Посмотри в глаза чудовищ. Гиперборейская чума
Шрифт:
— Так вы признаете, что тут очень темная аура?
— Разумеется, — и незаметно от мальчика подмигнул его спутнице. Та двинула бровью.
— Вы ведь знакомы с Эшигедэем? — продолжал Эдик. — Наверняка! Оттяжный мэн, а главное, он на самом деле многое умеет. Я точно знаю, что он мертвых поднимает, и они с ним говорят. Публике этого, конечно, не покажешь… И говорят …я не знаю, правда или нет, будто бы он способен дать бессмертие. Разумеется, тем, кто ему понравится. Было бы здорово, правда? Я иногда задумываюсь — и прихожу к выводу, что смерть совсем не обязательна.
— Эшигедэй талантлив, — сказала девушка. — Я не могу уловить, когда у него кончается механический фокус и начинается искусство. Он лучше Копперфилда. Я уже не говорю про пластику.
— Мне показалось, что он зол и насмешлив, — сказала Ираида.
— А как иначе? — пожала плечами девушка. — Разве сейчас можно иначе?
— Почему же нельзя?
— Ну, знаете… Кто пойдет смотреть, если не будет… всякого такого.
— Ничка, будь чики, — с обидой в голосе встрял Эдуард. — Я ведь говорил не о фокусах. Эшигедэй обладает какой-то удивительной силой, совершенно необычной, и эту силу он иногда демонстрирует в узком кругу. Это рассказывал Тогоев, а я ему верю, потому что у Тогоева совсем нет фантазии. Кстати, я его не видел последние дни, и сегодня он не пришел. Когда я иссыхал, он был единственный, кто носил мне апельсины…
— А с Рогачом ты не знаком? — спросил доктор. — Я вообще-то хотел бы именно с ним пообщаться…

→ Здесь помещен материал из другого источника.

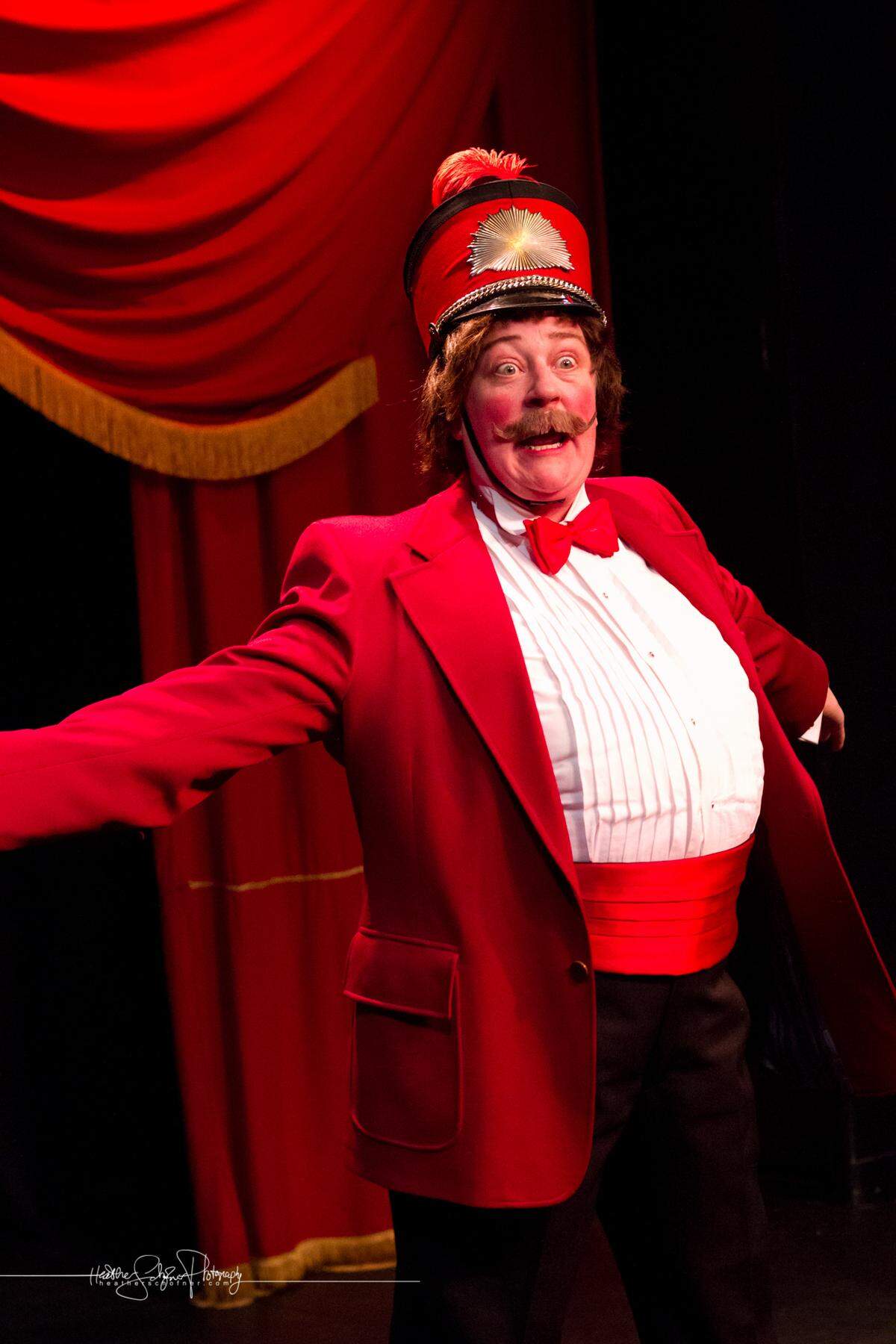 Lord Franzannian (a.k.a. Elizabeth Lord) has a new vaudeville show with performances this weekend and next.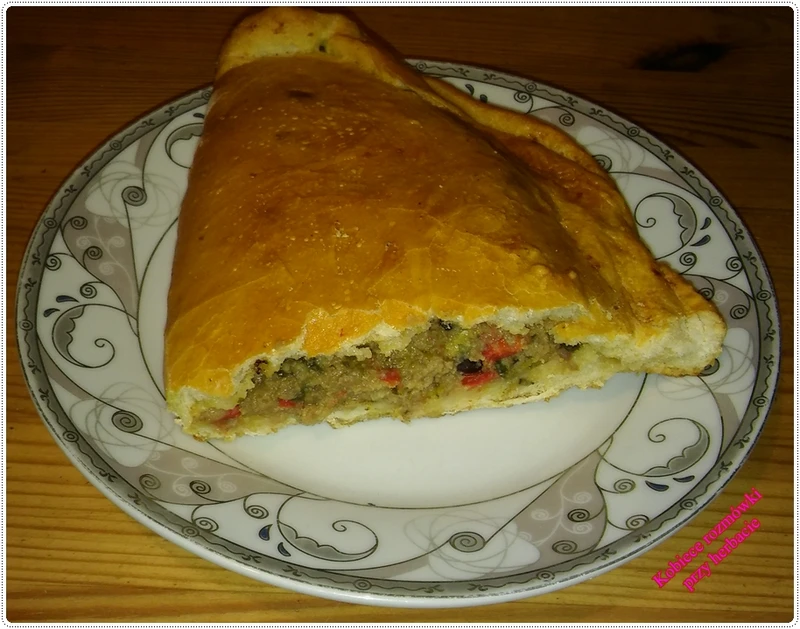 Drożdżowy pieróg z pieca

— Он скучнейший, — сказала Ничка, изобразив зевок. — С ним даже трахаться скучно, я уж не говорю о прочем. Только Эшигедэй может его построить, и тогда Ромик что-то выдавит из себя. Иногда какушку, а иногда — шедевр. Смешно. Сам он разницы между тем и тем — не видит. Смешно…
— Он улетел в Прагу. Ставит там балет о высадке на Луну. Когда я иссыхал, он приходил и измерял меня. Просил, чтобы я такой остался. Ему нужны были ходячие кости. Так вот, о бессмертии. Тогоев говорил, что можно сладить такой хэппенинг, в котором несколько человек умрут или сильно заболеют, но один или два — обретут вечную жизнь, и не где-то и когда-то, а прямо сейчас, сразу. И будто бы Эшигедэй…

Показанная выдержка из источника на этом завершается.